╭─ Data section

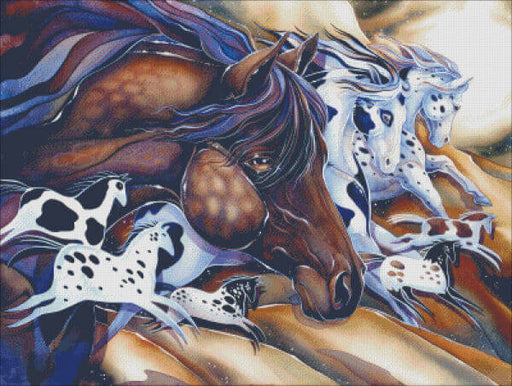 Some of the horses have the look of ancient cave drawings, contrasting with more realistic - but still gorgeously stylized - equines.  Cross Stitch Mockup, art by Jody Bergsma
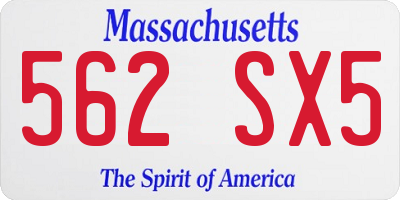 MA license plate 562SX5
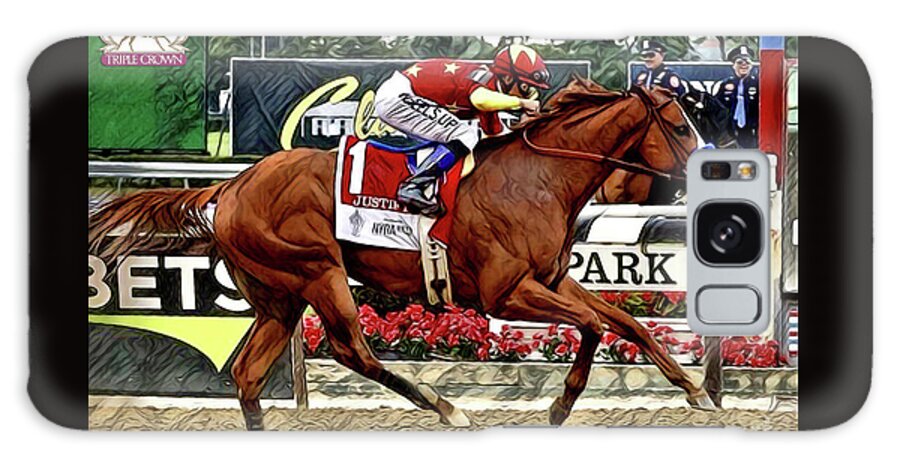 Justify Galaxy Case featuring the digital art Justify Wins the Triple Crown 2 by CAC Graphics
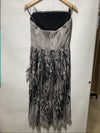 Dress The Population Cocktail Party Women Silver Nadine Strapless Dress Size XL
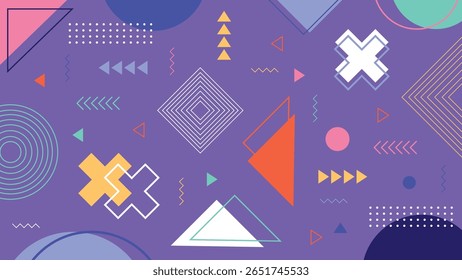 Stylish Memphis-inspired abstract design with layered triangles, diamonds, and crosses on a vibrant purple background.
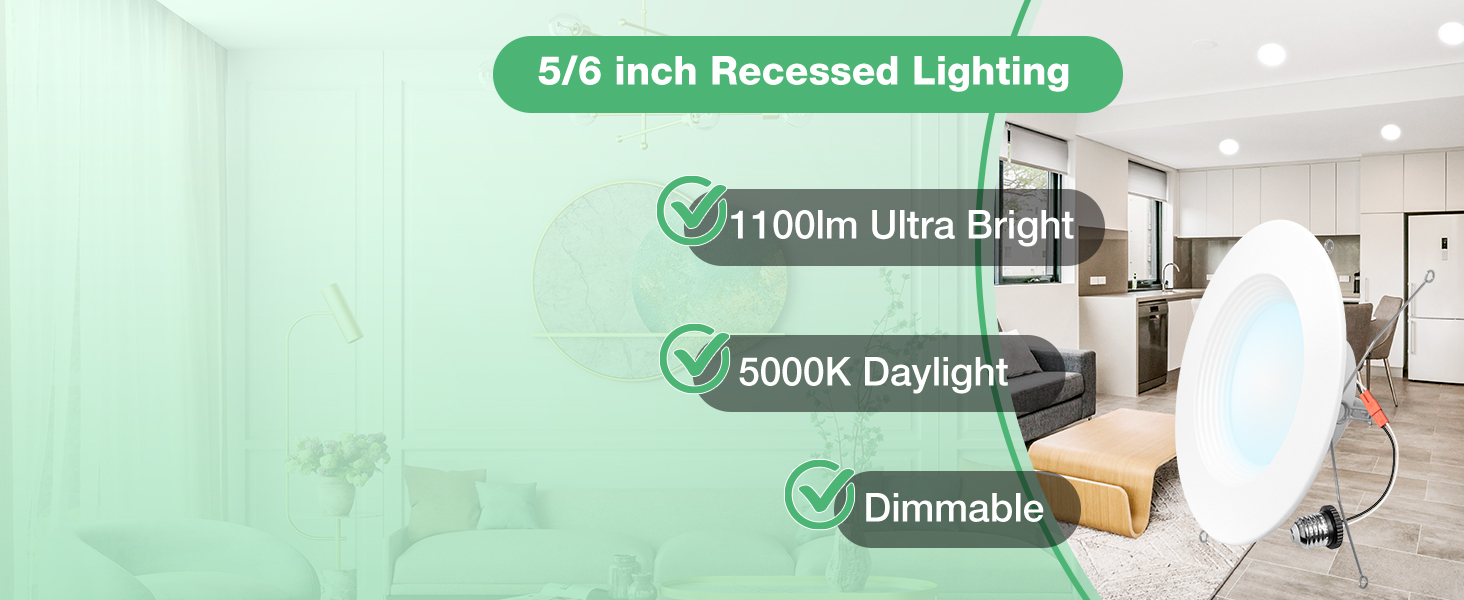 6 inch retrofit led recessed lighting daylight 5000k cool white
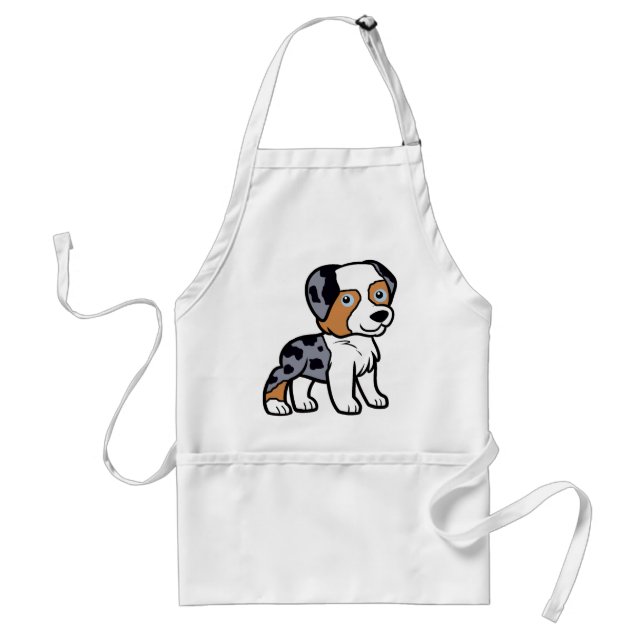 aussie blue merle Cartoon Schürze (Vorne)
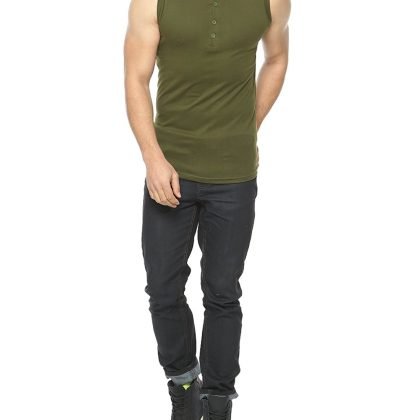 New Street Style Olive Green Sleeveless Round Neck Trendy T Shirt QA-2333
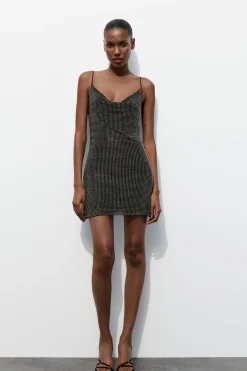 Fashion VESTIDO CORTO TUL BRILLOS Mujer Vestidos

╰─

• _Work required_
Restate, word for word, each line from the line containing "New Street Style" through the end of the entries above; the pictures are not part of the copy.

• _Response below_
 New Street Style Olive Green Sleeveless Round Neck Trendy T Shirt QA-2333
 Fashion VESTIDO CORTO TUL BRILLOS Mujer Vestidos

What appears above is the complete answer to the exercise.